Christmas NiGHTS is the festive season through the eyes of a child. It’s clad in tinsel and a million fairy lights. It is the endless looping of Jingle Bells. It’s Santa riding his sleigh. It’s opening a pile of presents as a reward for a perfunctory task. It is decoration slapped over the top of the ordinary, augmenting and disrupting normality, not set aside from it. Most people ‘go home’ for Christmas (I’m editing this from an airport lounge, waiting on a flight to Belfast) and likewise, Christmas NiGHTS just hangs a few baubles over the existing game. It’s familiar and comforting.

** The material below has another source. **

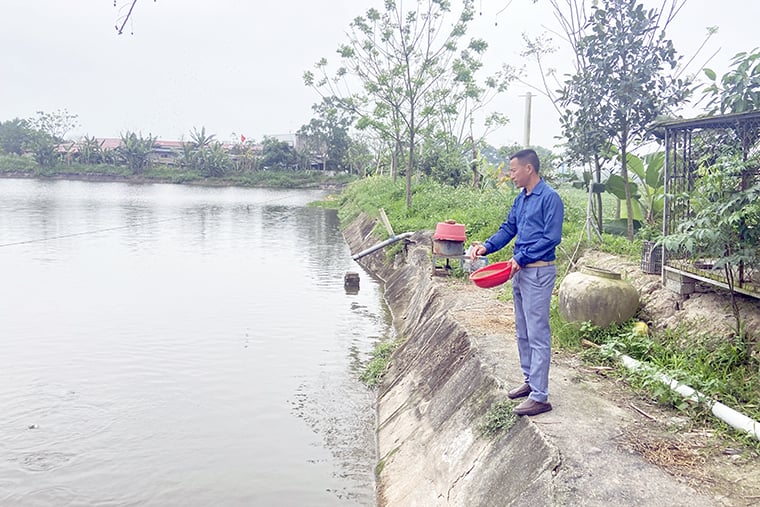 Nuôi loài quen thuộc theo cách ‘chẳng giống ai’, anh nông dân thu về 1 tỷ đồng/năm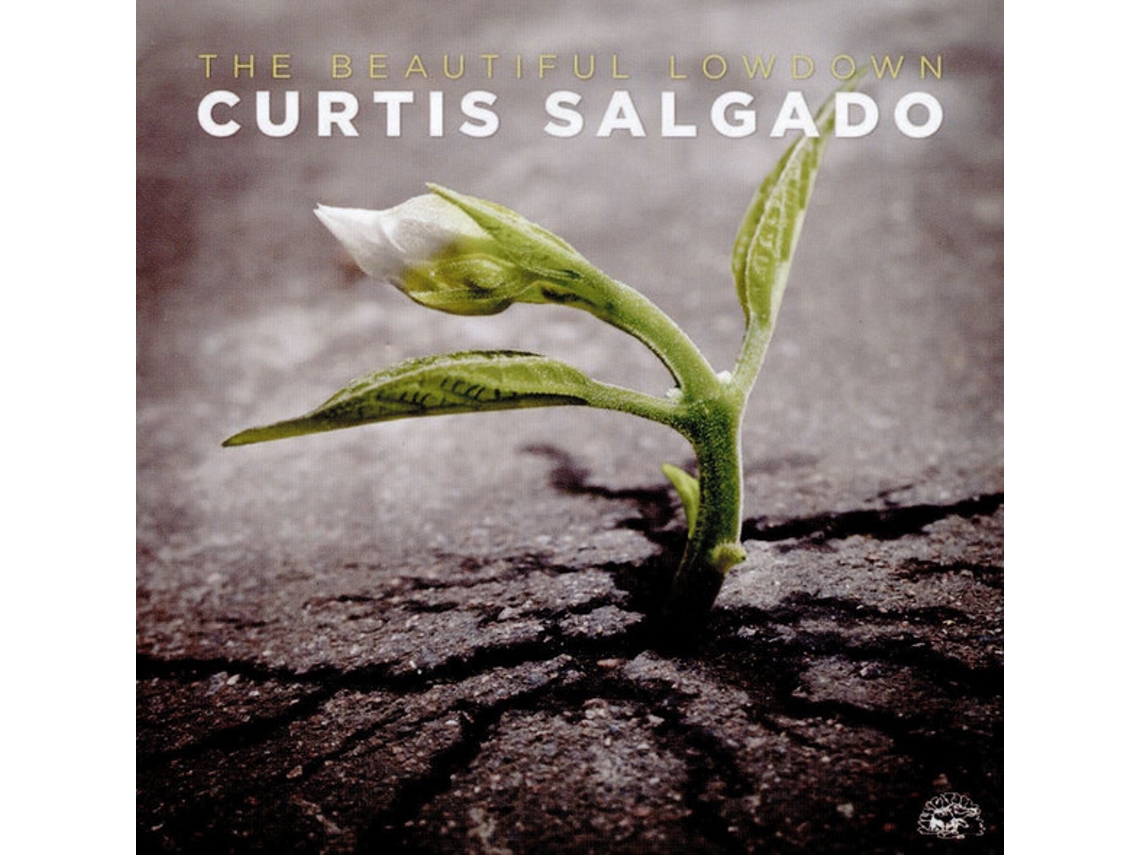 CD Curtis Salgado - The Beautiful Lowdown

At the end of Christmas NiGHTS, the young protagonists Claris and Elliot are together, watching the Christmas lights being switched on in the town of Twin Seeds. It only occurred to me last week, while writing the retrospective, that NiGHTS has quite a dark story: these children escape into dreams as a way of conquering their real-life fears, but only because they’ve got no one else to turn to. NiGHTS is like the imaginary friend you once had: we’ve all wanted or needed a NiGHTS-like figure in our lives, especially as a child, when our families or ‘real’ friends did not entirely understand us. NiGHTS is a game about how imagination and fantasy can fill a void of loneliness, which is probably why I like it so much, since it sums up my life until I was sixteen. Unsurprisingly, the character of NiGHTS was inspired by Peter Pan, another classic character of juvenile fantasy. Both NiGHTS and Pan represent our desire to escape our mundane childhood existence of school and chores for something fantastical and adventurous.
Perhaps the reason we don’t see the children’s families at the end of Christmas NiGHTS because those families may not even be there. That expectation of family is something I project onto them. While writing the retrospective, I had to take care not to generalise my feelings about Christmas to everyone’s feelings: your idea of what constitutes Christmas is the product of experience, expectation and a not insubstantial amount of marketing. In fact, increasingly Christmas advertising has become an event in itself. Don’t worry, I’m not going to delve into the true meaning of Christmas – as an atheist, I just think it’s as good a time as any to take a holiday and spend time with your family. Also, who doesn’t love mince pies?
Yet despite the talk of family, Christmas NiGHTS is something you play alone. It doesn’t have multiplayer, or even multiple saves. It’s a solitary activity that I would play every Christmas, from scratch, in a yearly pilgrimage. It perfectly encapsulates the superficial vagaries that my childhood self thought were the essence of Christmas.
The reason why Christmas NiGHTS is my favourite Christmas game isn’t because it embodies the season as-is; it’s because it embodies the season as it was in my childhood memories. It takes me back to a time when it was just about presents, grandparents and selection boxes. It’s a crass, facile place, but also one where magic is still real – where purple jesters fly in your dreams and help you conquer your fears. When you’re twelve, dreams are what you want the world to be. When you’re twenty seven, dreams are what the world can never be, and so they merely become nostalgic memories. So you make some new games, like writing an article for your favourite website, and hope those come true instead.
Christmas NiGHTS represents a dream that never came true; the ghost of Christmas past. But it’s a dream worth cherishing.